Après mon épopée kilimanjaresque, j’ai donc retrouvé Maman le lendemain, mais aussi… Papa ! Ce fut la grande surprise.
Ca a été une journée bousculante car en plus de la venue des parents, cela faisait 24 hrs que je passais des moments désagréables : me suis fais arnaquer « consciemment », ensuite une bagarre… En effet, la veille, je dois prendre un taxi. J’annonce avant la course le prix que je suis prête a payer, comme on doit le faire en Afrique. A l’arrivée, je donne au taximan un gros billet et il doit me rendre la monnaie. En me la rendant, il me parle et me parle encore, me posant 36 000 questions. Du coup, comme je sais que ça c le « truc » des africains pour détourner l’attention, je trouve ça suspect et recompte ma monnaie. Sans surprise je découvre qu’il manque 1000 Tsh (USD 1) C rien comme argent, mais sur le principe je le lui fait remarquer et il est surpris de s’être fait prendre en flag’, mais il n’en fait pas tte une histoire. En plus, peu avant, il m’avait donne sa carte pr que je le rappelle ! Puis il prend un air moqueur et annonce (maladroitement) des excuses pr expliquer son geste et pr que je lui laisse l’argent. Je lui explique que je n’approuve pas du tt ses manières de faire, que je ne supporte pas le vol (surtt de cette manière) et qu’il peut reprendre sa carte de visite ! On se dispute pendant un moment, je commence sérieusement à m’énerver, surtout que du coup, avec tt ca, je ne sais même pas si il m’a emmené au bon endroit. J’ai envie de le bombarder, d’être violente, car je sens que les mots ne suffisent plus, et je ne supporte pas de m’être fait arnaquer de manière si évidente ; et lui qui affiche cet air si arrogant, moqueur et gagnant. Je suis en rage. Je me retiens de lui donner un coup et de lui reprendre les sous. Finalement, je stoppe la discussion d’un coup et je pars sans dire un mot. Qd il me voit partir, il a cet air satisfait d’arnaqueur. Je ne le supporte pas et je suis furieuse. Cela me prendra deux jours pr « oublier ».

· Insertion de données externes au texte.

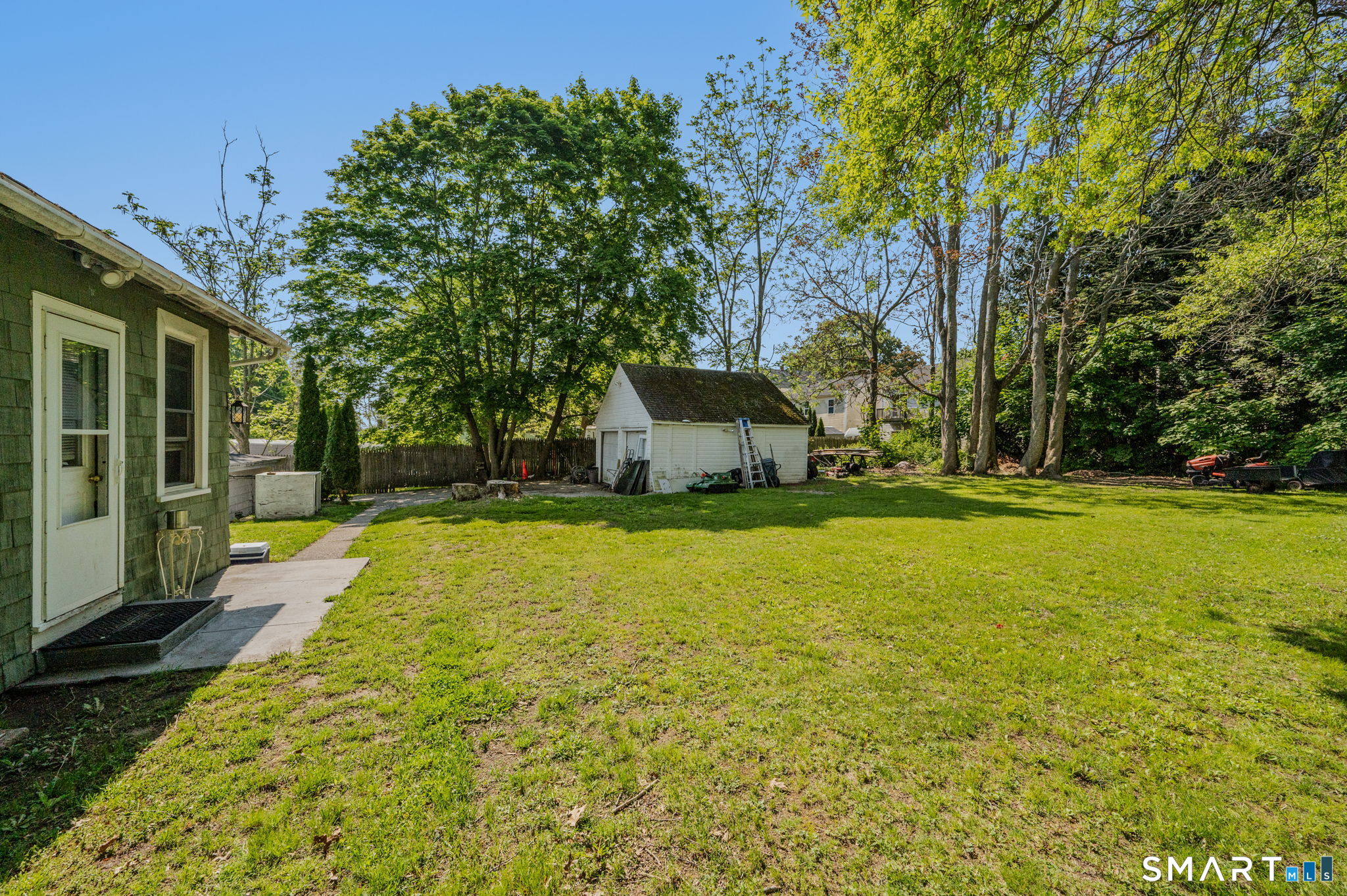 231 Poquonnock Road Groton CT 06340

Mais je retrouve Elaine la canadienne et ca va mieux. L’hôtel est vraiment bien et je reprends des forces. Le lendemain, nous nous séparons avec ttes les promesses des rencontres courtes ; emails et visite dans nos pays respectifs. Puis je prends la route en daladala pour l’aéroport. Je suis assez bousculée, car j’appréhende les retrouvailles avec Maman, le fait de ne plus être tte seule pdt un certain tps, de devoir changer mon mode de fonctionnement, de baisser ma garde, de savoir si le pays et la vie d’ici va lui plaire, etc. Puis je dois prendre un taxi à la Junction Kia jusqu'à l’aéroport lui-même. Comme d’habitude africaine, tout le monde me saute dessus pour vanter chacun son taxi. Je monte dans un, et à ce moment-là, une bagarre éclate, violente.

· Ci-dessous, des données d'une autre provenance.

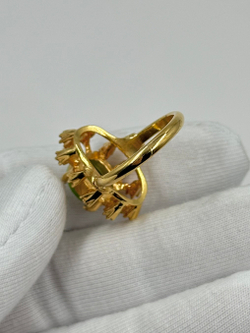 Кольцо с зелёным кабошоном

Je me rends compte que ça arrive souvent en TZN, les bagarres. J’en ai vu souvent et tjrs à cause de jalousies dans le « business de rue». C tellement violent, que je me décide a sortir du taxi car je pense que le conducteur ne sera plus capable de conduire. Et là, déjà que j’étais à fleur de peau, c le summum !

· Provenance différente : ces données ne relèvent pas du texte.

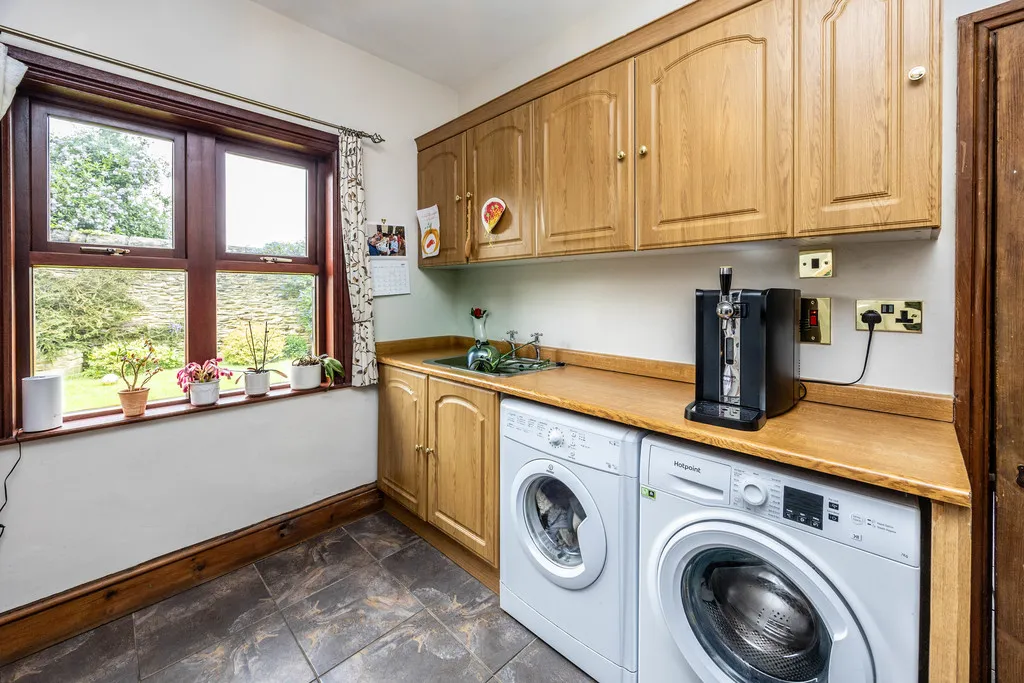 Crowlees Road, Mirfield, photo 11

Donc retrouvailles avec les parents. Je suis très contente, c un bon événement par Maman, et une bonne surprise par Papa. Ils ont perdus leur bagages durant le voyage, à cause de la tempête sur Sydney donc des retards à répétitions. C’était embêtant, car en Afrique, les chances de retrouver des bagages sont minces… mais finalement, on les retrouvera 5 jrs plus tard, après avoir harcelé continuellement les personnes responsables.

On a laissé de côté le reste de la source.